■ What to work on ■
Copy, word for word, the line containing "Salmo Pike Jointed" and each line that follows it in the entries below; pictures do not belong in the copy.

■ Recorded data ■
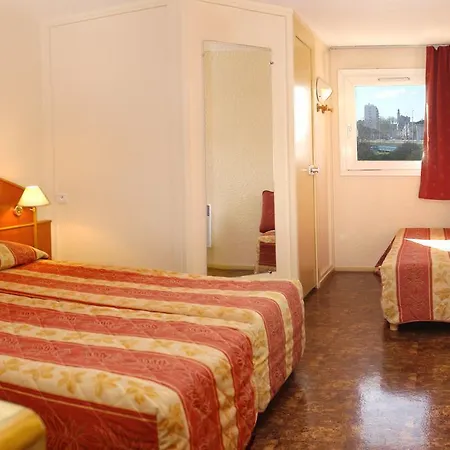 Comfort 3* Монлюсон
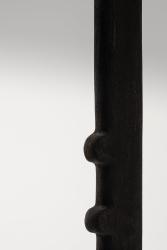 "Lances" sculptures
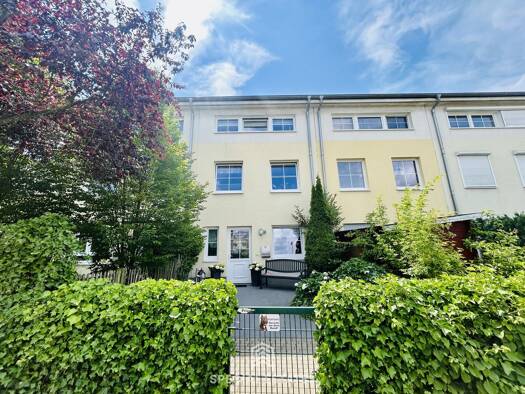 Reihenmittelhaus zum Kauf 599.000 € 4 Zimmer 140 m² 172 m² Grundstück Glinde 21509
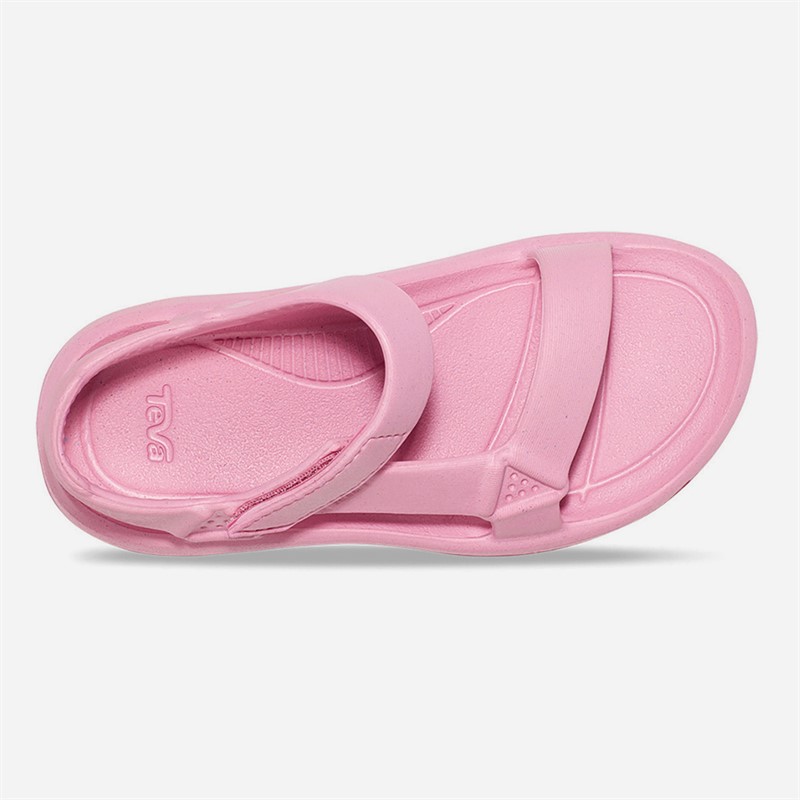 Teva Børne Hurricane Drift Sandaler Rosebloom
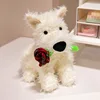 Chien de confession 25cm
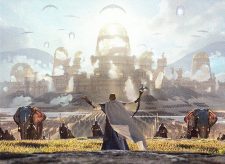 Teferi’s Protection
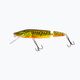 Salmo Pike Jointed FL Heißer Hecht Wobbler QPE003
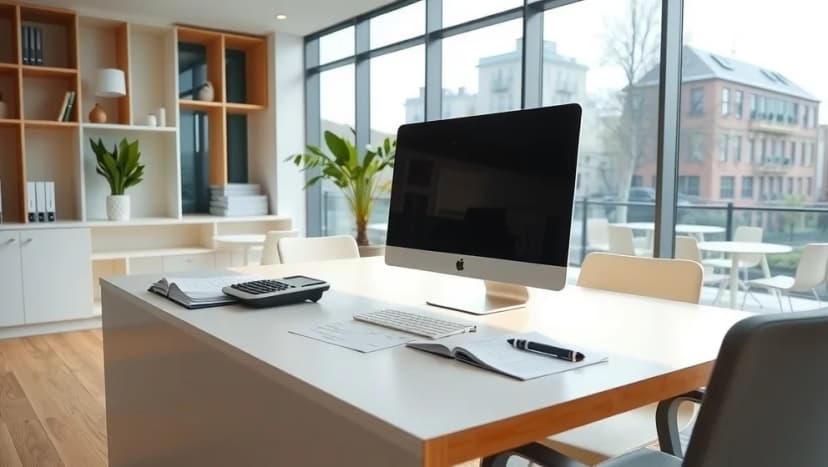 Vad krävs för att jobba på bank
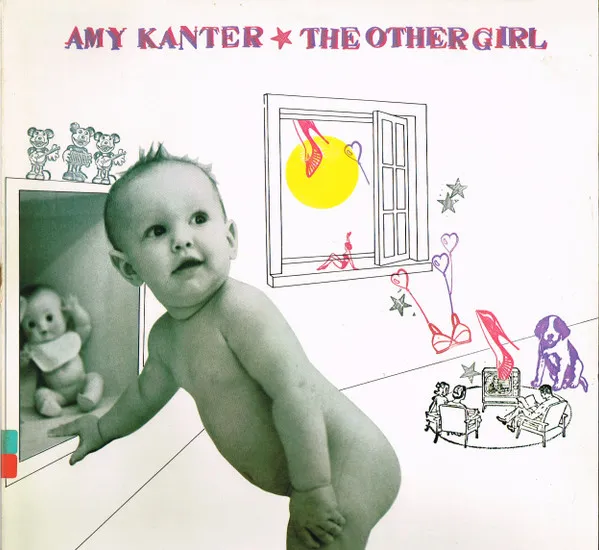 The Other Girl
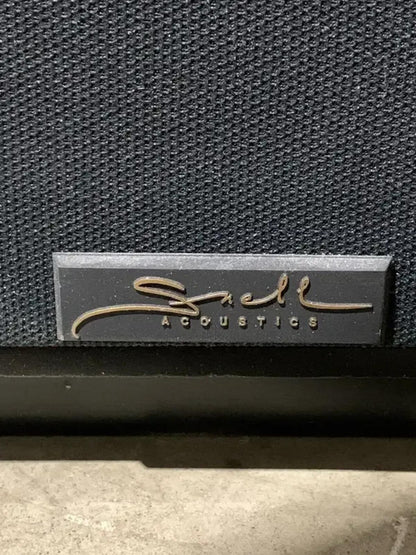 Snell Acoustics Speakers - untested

■ Solution to this problem ■
 Salmo Pike Jointed FL Heißer Hecht Wobbler QPE003
 Vad krävs för att jobba på bank
 The Other Girl
 Snell Acoustics Speakers - untested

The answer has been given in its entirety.